George Baxter's stand at the 'Great Exhibition' Crystal Palace, London, 1851
George Baxter (1804–1867) was an English born artist and printer based in London. He is credited with the invention of commercially viable colour printing. Baxter was born in Lewes, Sussex, the second son of John Baxter, a printer. At 20, Baxter was illustrating books printed by his father; at 23 Baxter moved to London to be apprenticed to Samuel Williams, a wood engraver.

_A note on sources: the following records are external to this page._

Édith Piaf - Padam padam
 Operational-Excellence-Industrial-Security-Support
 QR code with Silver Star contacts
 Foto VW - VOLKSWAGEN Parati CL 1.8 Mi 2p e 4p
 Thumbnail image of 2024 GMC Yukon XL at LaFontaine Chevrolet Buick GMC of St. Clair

In 1827 Baxter set up business on his own and married Mary Harrild. The following year Baxter began to experiment with his own methods of colour printing with the use of woodblocks – his first known colour print, Butterflies, was published in 1829. In 1835 Baxter was granted Patent No. 6916 – Improvements in Producing Coloured Steel Plate, Copper Plate and other Impressions, which outlined the combined intaglio and relief process he would continue to use for the next thirty years. Despite his technical excellence and the general popularity of his prints, Baxter’s business was never profitable – his process was laborious and it seems likely that his perfectionism prevented him from completing many of his commissioned works on time.

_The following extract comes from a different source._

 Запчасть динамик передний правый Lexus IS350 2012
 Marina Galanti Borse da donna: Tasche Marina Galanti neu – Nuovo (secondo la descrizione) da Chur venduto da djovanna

A number of printers purchased a licence from Baxter, following the renewal of his patent in 1849. The most well known of these was Abraham Le Blond.
Baxter's process for producing colour prints combined relief and intaglio printing methods. A 'key' plate was prepared, usually made of steel and using any combination of engraving techniques. Following printing of the key plate, relief blocks were prepared, usually from wood but also from zinc or copper, using impressions of the key plate to create the blocks. Usually one block was prepared for each colour, each being superimposed on the other, although sometimes two or more colours or tints were included on the same block, requiring hand inking of each individual area. Sometimes up to 24 separate colours were used, although ten could be considered an average number. Hand colouring was frequently used to highlight certain areas as well as a hand applied glaze.

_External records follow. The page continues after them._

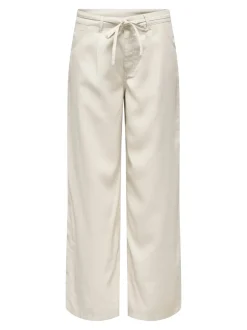 ONLGIANNA Wide leg fit Broeken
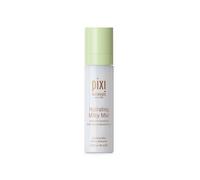 OVS, Pixi Hydrating Milky Mist 80 Ml, Mujer, HYDRATING, Talla: FASUL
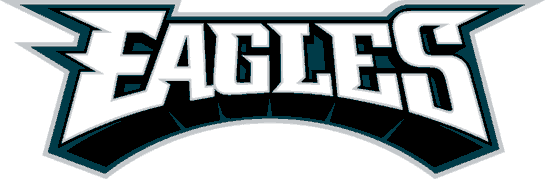 Philadelphia Eagles: Un legado lleno de tradición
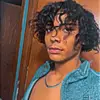 Jay johns - @sniper_quick - TikTok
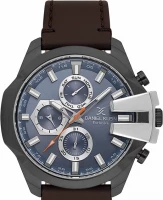 Наручные часы daniel klein dk13849-3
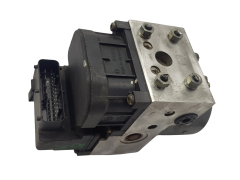 Pompe Abs Opel Zafira Astra G 90581417 0273004362 0265216651 1136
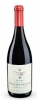 Domaine Serene Pinot Noir Yamhill Cuvee 750ml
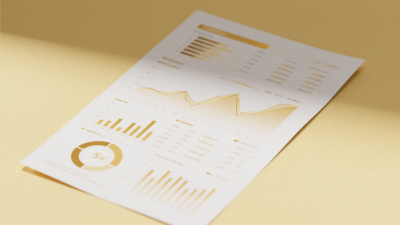 黄金短期波动风险上升，但长牛趋势不改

His work was widely used by the London Missionary Society and attracted great interest from the Royal Family, especially Prince Albert who encouraged Baxter to exhibit at the Great Exhibition of 1851. Baxter produced large quantities of about 400 different subjects and brought colour printing to the masses. Although his work was initially used as book illustrations, he soon found a market for his prints as decorative subjects for the home and was a catalyst for many other printers who recognised the commercial potential of this type of work.
Baxter's skill and talent as an artist is unquestionable, but as a businessman he was unable to convert his talent into commercial success.Baxter's printing business ended in bankruptcy in 1865 after experiencing financial problems for many years. George Baxter died in 1867, after an accident involving a horse omnibus.
His legacy of prints have now become collectors items.